İnsanlara iyilik etmek

Sual: İyilik etmenin dinimizdeki yeri nedir?
CEVAP
Muhammed Masum hazretleri buyuruyor ki:
Ömür kısadır. Sonsuz olan ahiret hayatında, insanın karşılaşacağı şeyler, dünyada yaşadığı hâle bağlıdır. Akıllı olan, ileriyi görebilen bir kimse, kısa olan dünyada, hep, ahirette iyi ve rahat yaşamaya sebep olan şeyleri yapar. İnsanlara hizmet etmek için çalışır. İnsanlara iyilik etmek, ahirette azaptan kurtulmaya ve Cennet nimetlerinin artmasına sebep olur. Hadis-i şeriflerde buyuruldu ki:
(Müslüman, Müslümanın kardeşidir. Onu incitmez, üzmez. Bir kimse bir Müslümanın aybını, kusurunu örterse, Allahü teâlâ, kıyamette onun ayıplarını, kabahatlerini örter.) [Buhari]

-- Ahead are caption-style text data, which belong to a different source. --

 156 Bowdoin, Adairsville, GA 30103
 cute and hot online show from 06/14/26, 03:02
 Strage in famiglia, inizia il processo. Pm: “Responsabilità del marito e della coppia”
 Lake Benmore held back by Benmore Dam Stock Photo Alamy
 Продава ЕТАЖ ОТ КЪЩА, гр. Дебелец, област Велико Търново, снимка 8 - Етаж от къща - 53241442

(Bazı kimseler, başkalarının ihtiyaçlarını karşılamak, onlara yardımcı olmak için yaratılmıştır. İhtiyaç sahipleri bunlara başvurur. Bunlar için ahirette azap korkusu olmaz.) [Taberani]

(Allahü teâlâ, bazılarına çok nimet vermiştir. Bunları, herkese faydalı olmak için yaratmıştır. Bu nimetleri dağıtırlarsa, azalmaz, dağıtmazlarsa bunlardan alıp, başkalarına verir.) [Taberani]

(Bir Müslümanın, din kardeşinin bir ihtiyacını karşılaması on yıl itikaftan iyidir. Allah rızası için bir gün itikaf ise, insanı Cehennem ateşinden pek çok uzaklaştırır.) [Taberani]

(Din kardeşinin bir işini yapana, melekler dua eder. O işi yapmaya giderken, her adımı için bir günahı af olur ve kıyamette çeşitli nimetlere kavuşur.) [İbni Mace)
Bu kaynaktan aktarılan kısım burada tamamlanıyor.